Researchers at Imperial College London are testing machine learning applications in treating traumatic brain injuries. When they fed their algorithm images of such injuries, the system identified brain lesions and learned to discern white and gray matter. That ability could provide researchers with valuable information about these life-altering and often fatal conditions.
In one example of machine learning applications in medicine, scientists experimented with how machine learning might facilitate diagnosis of diabetic retinopathy, a condition that causes vision impairment and blindness. The team trained the system using 128,000 images of healthy eyes. They then had the algorithm analyze 12,000 images and graded its ability to recognize signs of disease. The results indicated that the system “matched or exceeded the performance of experts in identifying the condition and grading its severity.”
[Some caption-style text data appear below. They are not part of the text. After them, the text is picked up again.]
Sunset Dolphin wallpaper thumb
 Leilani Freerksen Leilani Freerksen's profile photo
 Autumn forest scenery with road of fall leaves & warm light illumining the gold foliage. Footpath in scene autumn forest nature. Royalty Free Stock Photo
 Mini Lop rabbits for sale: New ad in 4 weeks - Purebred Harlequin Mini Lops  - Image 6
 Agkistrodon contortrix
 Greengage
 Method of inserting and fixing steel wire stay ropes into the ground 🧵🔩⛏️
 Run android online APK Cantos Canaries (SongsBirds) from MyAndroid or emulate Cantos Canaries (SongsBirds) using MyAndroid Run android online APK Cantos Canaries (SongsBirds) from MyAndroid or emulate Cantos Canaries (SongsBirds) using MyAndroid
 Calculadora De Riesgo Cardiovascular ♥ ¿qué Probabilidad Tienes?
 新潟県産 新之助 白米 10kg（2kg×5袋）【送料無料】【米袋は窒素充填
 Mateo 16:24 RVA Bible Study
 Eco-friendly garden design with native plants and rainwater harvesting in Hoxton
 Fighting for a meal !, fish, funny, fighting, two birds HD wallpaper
Machine learning could be a game-changer in medicine because, unlike humans, computers don’t get tired and do have an infinite capacity for learning and memorization. Instead, AI is being designed to enhance diagnoses by providing doctors with data-driven insights derived from patients’ histories and conditions. Physicians can then use those reports to create treatment plans based on previously unavailable information. These systems can also provide vital insights in geographic areas where doctors, particularly specialists, are few and far between. Which, as the World Health Organization data reflects, is practically everywhere.
AI in the exam room
AI’s impact may also be felt in people’s day-to-day health management and routine doctor’s visits. Most of us have typed a list of symptoms into a web search at one point or another, and sorted through conflicting or alarming diagnostic information. Search companies are beginning to attach their platforms to AI systems with the goal of providing health information that is personally relevant.
Of course, search engines are not replacements for real doctors. But it’s arguably better to see results vetted by experts from Harvard Medical School and the Mayo Clinic than to scour questionable community forums that offer little in the way of knowledge or reassurance.
AI is also being designed to help with disease prevention and management. Information pulled from hospital databases, electronic records, in-home monitors, fitness trackers, and implanted devices could help health care providers predict which patients show high indicators for conditions such as congestive heart failure.
Facilitating human connections
A study by the American Medical Association followed a group of 57 physicians through 430 hours of patient care. Here’s what it found, according to the Forbes article:
Physicians spent 27% of their time in their offices seeing patients and 49.2% of their time doing paperwork, which includes using the electric health record (EHR) system. Even when the doctors were in the examination room with patients, they were spending only 52.9% of the time talking to or examining the patients and 37.0% doing […] paperwork.
For all of the potentially groundbreaking research we’ve described here, the true test of AI’s impact in medical care might be whether it can make a dent in the paperwork problem.
AI-driven efforts are already underway to combat the administrative burden. Some health companies are using apps to cut down on the time nurses and doctors spend gathering patient information. Outsourcing triage and patient interviews to algorithms could cut down on health care costs, but it carries the risk of further reducing the time doctors spend with their patients. The goal would be to improve doctor-patient interactions by freeing physicians from laptop screens to focus on the people in front of them.
And that’s really where the true potential of AI in medicine lies. Rather than replace interpersonal connections and involvement, AI can reduce the burden on doctors and nurses so they can focus on the uniquely human elements of patient care. No one will complain if AI helps lower health insurance premiums or helps physicians find the right treatments faster. But people look to doctors and nurses for reassurance, comfort, and insight. Machines simply cannot replicate a human’s bedside manner.